Five human placentas from uncomplicated pregnancies were collected immediately after cesarean sections. Perfusion of a suitable placental lobule was carried out as described previously (32). The placenta was washed before perfusion, and the medium was recirculated in the fetal and maternal circulation for 120 min. The media on both circuits were continuously gassed with 95% O2, 5% CO2. The volumes of fetal (Vf) and maternal (Vm) perfusion media collected at the end of the washing and recirculation period were recorded, and the media were stored at −20°C for later analysis. To estimate TNF-α release into the fetal (Qf = Cf × Vf) and maternal (Qm = Cm × Vm) circulation, TNF-α concentrations were measured in fetal (Cf) and maternal (Cm) media. These values were divided by the duration of the perfusion (t = 120 min) to give the rates of TNF-α release toward the fetal and maternal side of the placental circulation. TNF-α was also assessed on triplicate tissue samples in the placenta, before (Qti), and at the end of (Qte) the perfusion to evaluate changes in placental TNF-α (Q = Qte − Qti). The rate of placental TNF-α synthesis was estimated as PLS = Qf + Qm + Q divided by the duration of the perfusion for one cotyledon, and as TPS = PLS × P/l, where P/l is the placenta/lobule weight ratio, for the whole placenta.

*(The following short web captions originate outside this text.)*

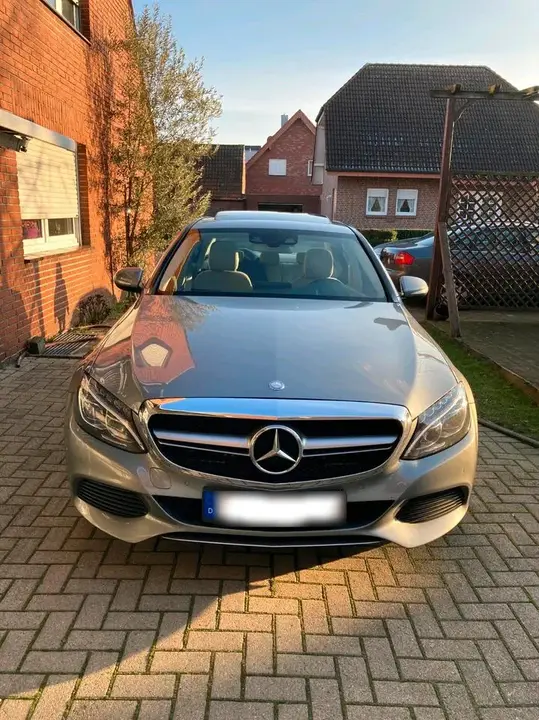 Mercedes-Benz C220D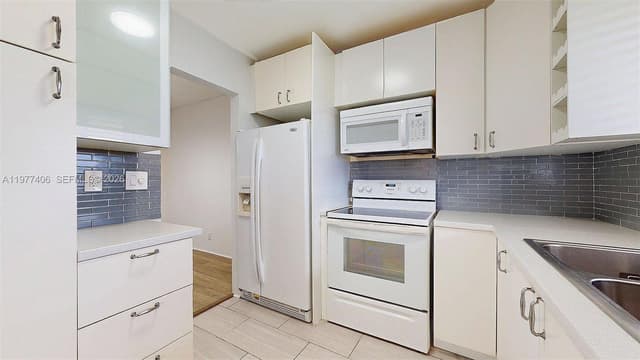 5300 Washington St # D303, Hollywood FL 33021 - Hollywood, FL - Photo 6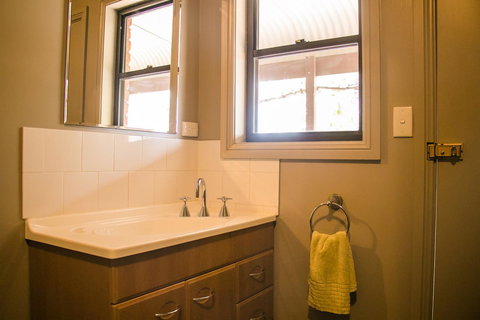 Ironstone Estate Lovedale - Accommodation Asia 12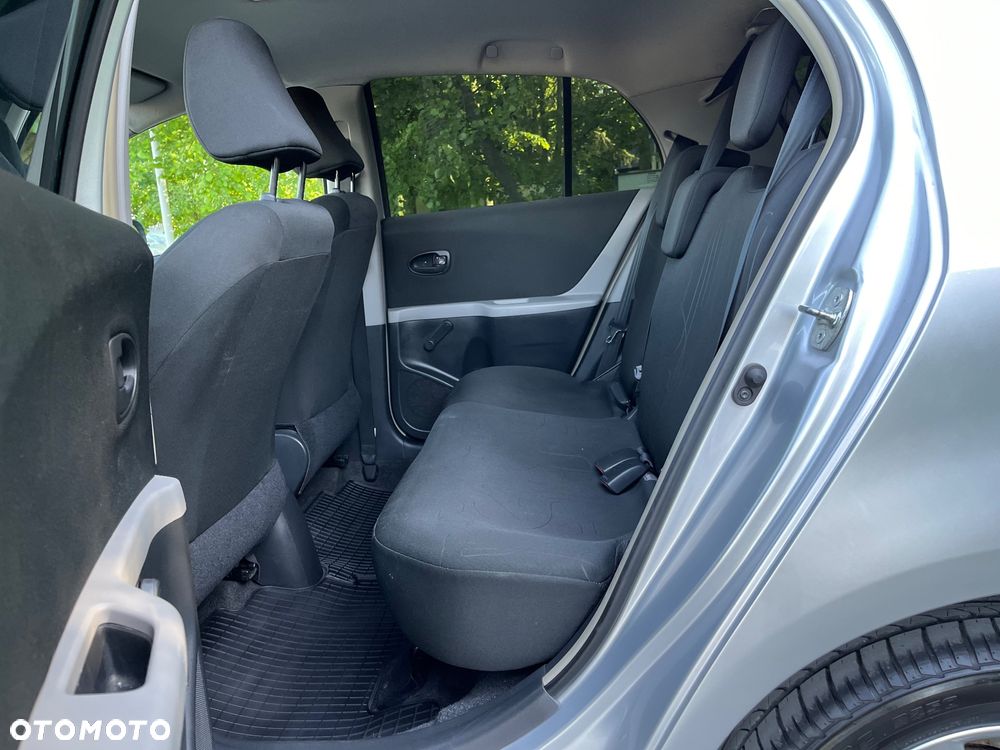 Toyota Yaris 1.0 Luna A/C - 24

All samples for TNF-α, leptin, cortisol, and the reproductive hormones were run in duplicate in a single assay. Plasma TNF-α concentrations were measured by enzyme-linked immunosorbent assay (Quantikine HS; R&D Systems, Minneapolis, MN). The intra-assay coefficient of variation was 14%, the minimum detectable limit of the assay was 0.18 pg/ml, and the lowest standard was 0.5 pg/ml. Plasma glucose concentrations were measured by the glucose oxidase method (Yellow Springs Instruments, Yellow Springs, OH). Blood samples for insulin measurements were centrifuged at 4°C, and the plasma was stored at −70°C for subsequent analysis by a double-antibody radioimmunoassay (RIA) as previously described (27). Plasma cortisol, estradiol, HPL, and progesterone were determined by RIA (Diagnostic Products, Los Angeles, CA). Plasma leptin samples were also measured by RIA (Linco Research, St. Charles, MO). Plasma hCG was determined by immunoradiometric assay (Diagnostic Products). Plasma prolactin was measured by RIA (Nichols Institute Diagnostics, San Juan Capistrano, CA)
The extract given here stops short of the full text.